The more advanced strategy given seems like it'd be more useful for following the action when watching poker on TV than actually playing, since a lot of it basically comes down to "this works great when you do it right," and in order to get to a point where you can do it "right" you'll probably need to either do a lot more reading or play a lot more poker, or most likely both. Frankly, the "advanced" section is largely just an excuse for Hellmuth to tell stories about tricky plays he's pulled off or witnessed. It is even lighter on the math than the basics section.

I would be unsurprised if some of the strategy advice isn't actually somewhat dated by now too, since the game has evolved so much since 2002, but I'm supremely unqualified to comment as to how. For me, the most useful portion of the book was probably the bits on Hold'em strategy that overlapped with the material covered in Phil Gordon's Poker: The Real Deal, so I could get a sense of what's the same and what was approached differently. For example, the Phils group what they consider to be "playable hands" differently, but overall there's not much disagreement over how strong various starting hands are. It would have been interesting to look at the advice side by side, but I gave the Gordon book back to the library.

To be frank, for me, the most enjoyable aspect of the book was reading the section about playing in fancy high-roller tournaments while simultaneously watching Hellmuth lose his shirt to Cate Hall on Poker Night in America's Twitch channel. I would read the hell out of a poker book by Cate Hall, by the way.
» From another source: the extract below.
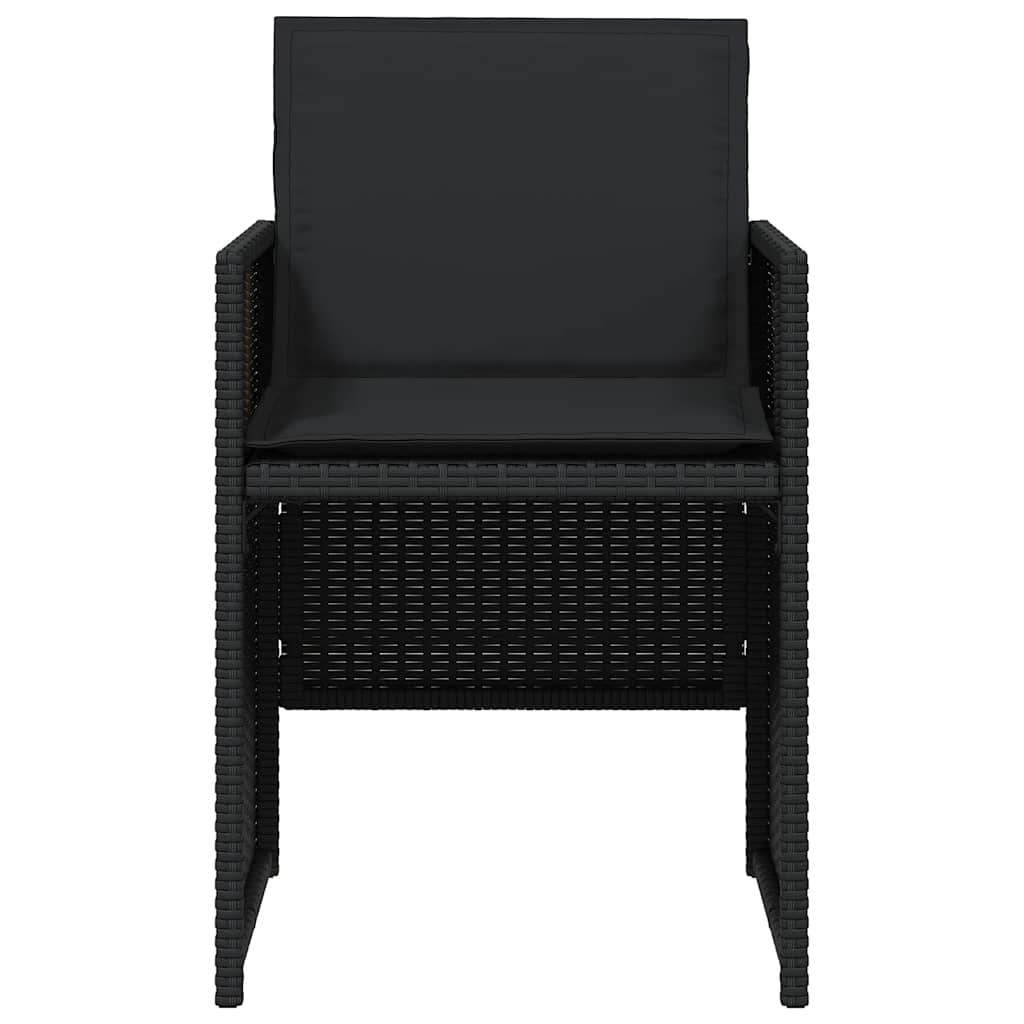 Garden Chairs with Cushions 4 pcs Black Poly Rattan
I think this book may be interesting to people for whom poker is an entirely foreign country that they're curious about (and who have a high tolerance for gregariously smug tour guides). But I think my next poker book is going to have to be something a bit more in-depth—and, alas, probably much heavier on math. Recommendations and/or things I could borrow would be most welcome.
bloodygranuaile: (oh noes)
A few weeks ago I wrote a piece for President's Day at work about Presidential betting (you can read it here) and I referenced Stephen Longstreet's Win or Lose: A Social History of Gambling in America, which had been quoted in another source. This, however, is not the best research practice ever, and also the tidbit quoted was interesting (it was about T.Jeff), so I checked out Win or Lose from the Boston Public Library.
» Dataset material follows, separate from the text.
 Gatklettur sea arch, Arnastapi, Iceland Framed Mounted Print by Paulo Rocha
This book, I found out, was published in 1977, which is almost forty years ago now. So it covers a period of time from the mid-1500s up through "the present," except "the present" is the late '70s, and things in the late '70s were very different from how they are now, and it's kind of hilarious to read, at least if you are as easily entertained by historical change as I am. I think I now need a book more thoroughly covering the time from the 1970s to the present, but Win or Lose does a reasonably thorough job of getting the lay reader up to speed with the first 400 years after Columbus' men rolled up on shore after pitching their cards overboard in a fit of piety.
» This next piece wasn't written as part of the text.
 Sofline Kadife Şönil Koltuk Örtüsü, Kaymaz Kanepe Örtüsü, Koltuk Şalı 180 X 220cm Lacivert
The book can be a bit disjointed, progressing in more or less chronological order except when it is progressing by subject, where the subject can be either a type of gambling or a specific location or something else. The bulk of each chapter is mostly stories about individual gamblers who were very important or interesting within the given context; they're usually pretty entertaining stories even if they do seem to jump around with little in the way of transitions. But there's also time devoted to explaining how different gambling scenes worked overall, and the rises and falls of various big gambling resorts (there's an especially big section dedicated to Saratoga, New York).
The funniest bit for me was the chapter on how horse racing is far and away the most popular type of gambling in the U.S., because it really, really isn't anymore. When this book was being written, states were just starting to implement lotteries and Atlantic City was just beginning to be revived as a gambling destination. How things have changed!
Anyway, the books is nearly as good a primary historical resource about gambling as it is a secondary one, but I'm OK with that. I'm not sure I'd really recommend it to someone who only wants to read one book about gambling in the U.S. though; there's got to be something more current out there.